До сих пор Хинта не сказал на уроках Румпы ни единого слова: раскрыться ему мешала инерция обиды на Тави. Сейчас он, как и в прежние дни, снова угрюмо подумал, что не собирается искать решение и подходить к учителю со своими вариантами. Однако, как бы он ни боролся, живительная заинтересованность все же проникла светлым лучиком в темноту его души. Его технический ум сам собой увлекся поисками возможных вариантов. На протяжении следующих дней Хинта, сам того не замечая, все чаще возвращался мыслями к загадке. Он обдумывал ее даже тогда, когда с его братом случилась беда, когда его сердце разрывалось от страдания, а земля уходила из-под ног.
_____
С первых дней учебного года Хинта мечтал о моменте, когда отец, наконец, освободится от патрулей и снова возьмет на себя работу в теплицах. И Атипа действительно почти освободился: патрули значительно сократили, теперь его отряд нес дежурство лишь раз в неделю.

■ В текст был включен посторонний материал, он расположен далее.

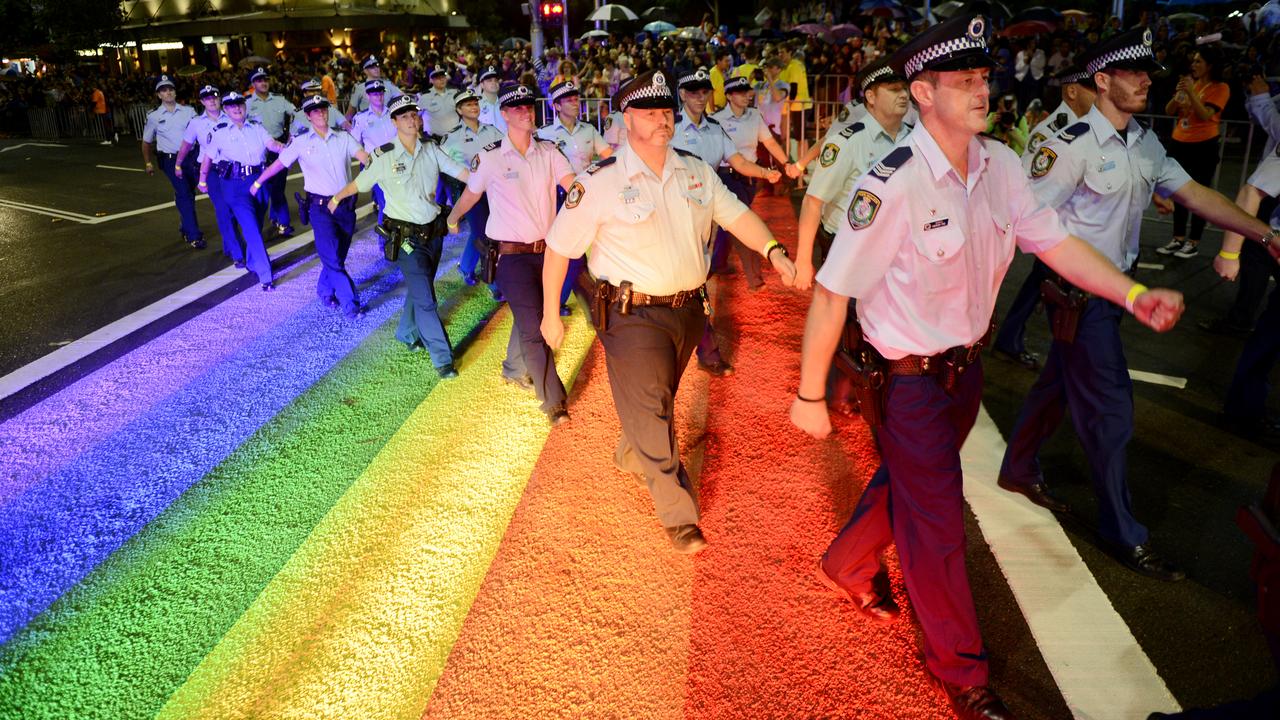 NSW police take part in the 35th Sydney Mardi Gras parade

Однако мгновенную свободу это Хинте не принесло: в теплицах семьи Фойта дозрел харут, и в течение нескольких следующих дней нужно было потрудиться на сборе сладких плодов. Поскольку своих рук не хватало, Атипа даже призвал на помощь Риройфа.
Вечером после урока истории Хинта, ловко балансируя, стоял в полный рост на платформе Иджи, а ослик медленно двигался по внешней окружности теплицы. Время было позднее, солнце клонилось к горизонту, в узких заросших проходах уже сгущались сумерки. Хинта работал в зеленой, душисто-душной тесноте, ощущая, как сочные листья пропитывают росой его одежду и волосы. На платформе у его ног помещалась большая пластиковая корзина, в которую он осторожно скидывал собранные плоды. Они ложились друг на друга с липким звуком.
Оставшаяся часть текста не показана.